▸ **WHAT TO DO**
Omit every picture while you reproduce the entries that follow word for word.

[Web page caption snippets]
·····
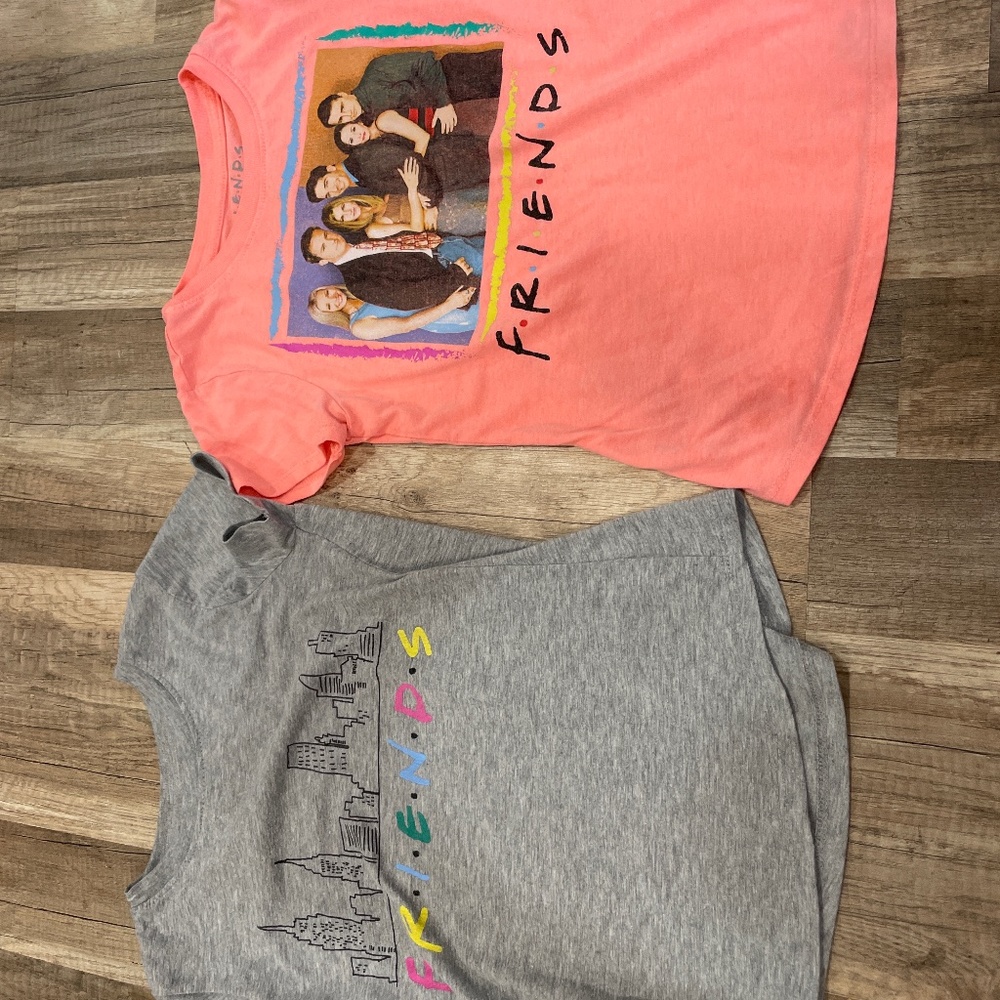 Two FRIENDS tshirts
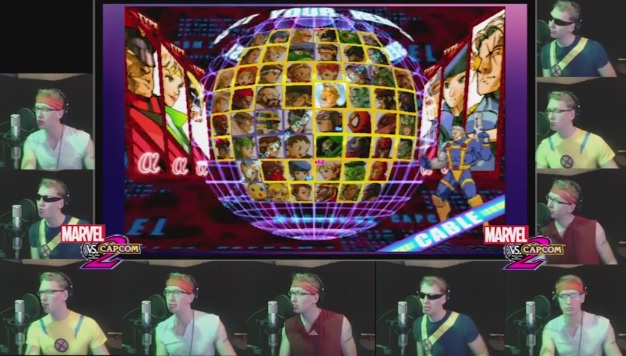 This Marvel vs. Capcom 2 acapella medley brings me back
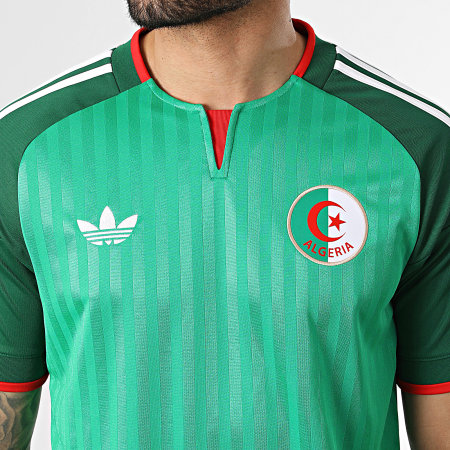 Adidas Originals - Camisola de Futebol com Riscas FAF Algeria 26 Away ...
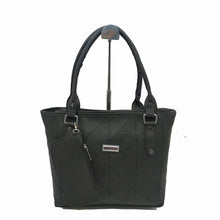 Load image into Gallery viewer, Women&#39;s Handbag &amp; Pouch With Criss Cross Design - myStore20202019
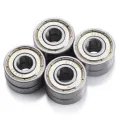 16PCS Groove Ball Bearing Double Metal Shielded 608ZZ 8 X 22 X 7 mm Fit for Skateboard Bearings, Inline Skates Etc. 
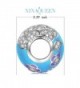 NinaQueen Camellia Sterling Silver Zirconia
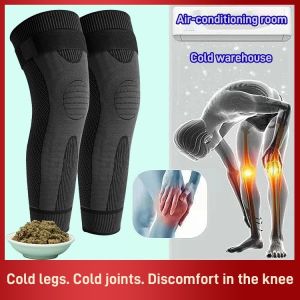 Wormwood Warm Keeping Knee Sleeve Heat Thin Knee Pads Tie  Lasting Warm Windproof Cold-resistant Knee Protector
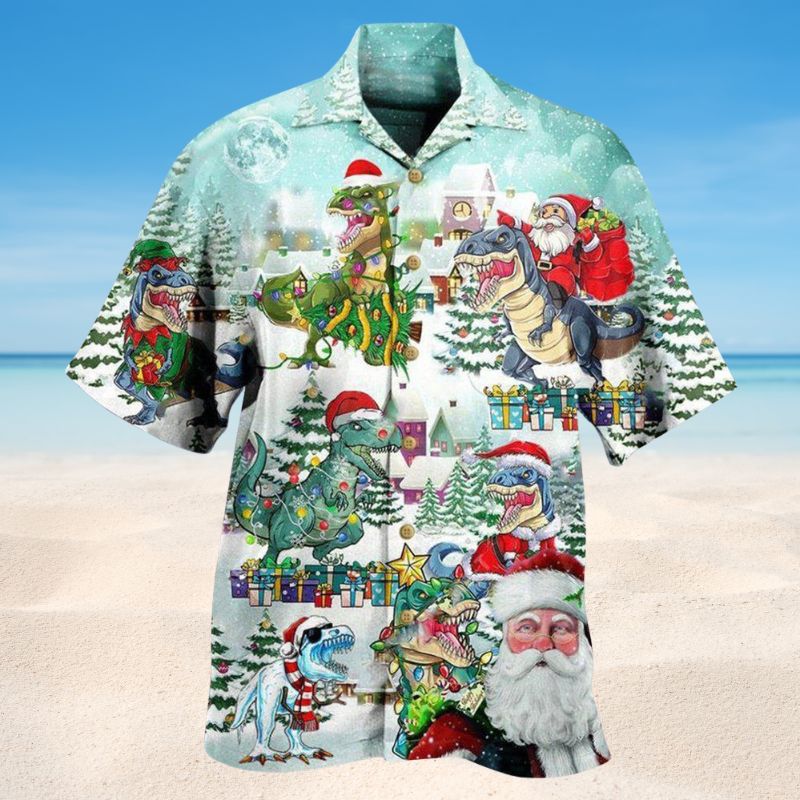 Have A Roarsome Christmas Edition – Hawaiian Shirt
·····
▸ **RESULT BELOW**
 Two FRIENDS tshirts
 This Marvel vs. Capcom 2 acapella medley brings me back
 Adidas Originals - Camisola de Futebol com Riscas FAF Algeria 26 Away ...
 Load image into Gallery viewer, Women&#39;s Handbag &amp; Pouch With Criss Cross Design - myStore20202019
 16PCS Groove Ball Bearing Double Metal Shielded 608ZZ 8 X 22 X 7 mm Fit for Skateboard Bearings, Inline Skates Etc. 
 NinaQueen Camellia Sterling Silver Zirconia
 Wormwood Warm Keeping Knee Sleeve Heat Thin Knee Pads Tie  Lasting Warm Windproof Cold-resistant Knee Protector
 Have A Roarsome Christmas Edition – Hawaiian Shirt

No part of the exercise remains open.